What needs to be done
Copy each line of the listing that includes "Immagine".

Records provided
▼

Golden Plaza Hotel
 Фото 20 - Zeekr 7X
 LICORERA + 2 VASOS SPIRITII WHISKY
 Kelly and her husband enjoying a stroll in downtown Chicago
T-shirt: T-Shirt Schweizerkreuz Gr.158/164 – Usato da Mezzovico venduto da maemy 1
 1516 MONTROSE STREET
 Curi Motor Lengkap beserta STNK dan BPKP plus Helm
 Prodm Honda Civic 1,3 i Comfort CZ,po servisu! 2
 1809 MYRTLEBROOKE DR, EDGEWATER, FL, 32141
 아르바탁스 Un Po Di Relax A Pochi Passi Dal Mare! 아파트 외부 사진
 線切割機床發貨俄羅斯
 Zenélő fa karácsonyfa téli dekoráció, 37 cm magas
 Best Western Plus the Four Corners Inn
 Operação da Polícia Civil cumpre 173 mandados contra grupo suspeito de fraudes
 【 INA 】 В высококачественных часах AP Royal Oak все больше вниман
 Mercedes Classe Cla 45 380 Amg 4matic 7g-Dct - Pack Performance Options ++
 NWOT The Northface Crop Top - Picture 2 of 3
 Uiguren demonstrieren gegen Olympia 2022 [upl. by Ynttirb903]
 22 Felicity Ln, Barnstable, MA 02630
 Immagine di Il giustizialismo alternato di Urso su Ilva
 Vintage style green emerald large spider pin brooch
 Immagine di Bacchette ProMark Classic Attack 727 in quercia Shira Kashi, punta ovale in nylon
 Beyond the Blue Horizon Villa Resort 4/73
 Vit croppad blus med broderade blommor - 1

▲

Task response
 Immagine di Il giustizialismo alternato di Urso su Ilva
 Immagine di Bacchette ProMark Classic Attack 727 in quercia Shira Kashi, punta ovale in nylon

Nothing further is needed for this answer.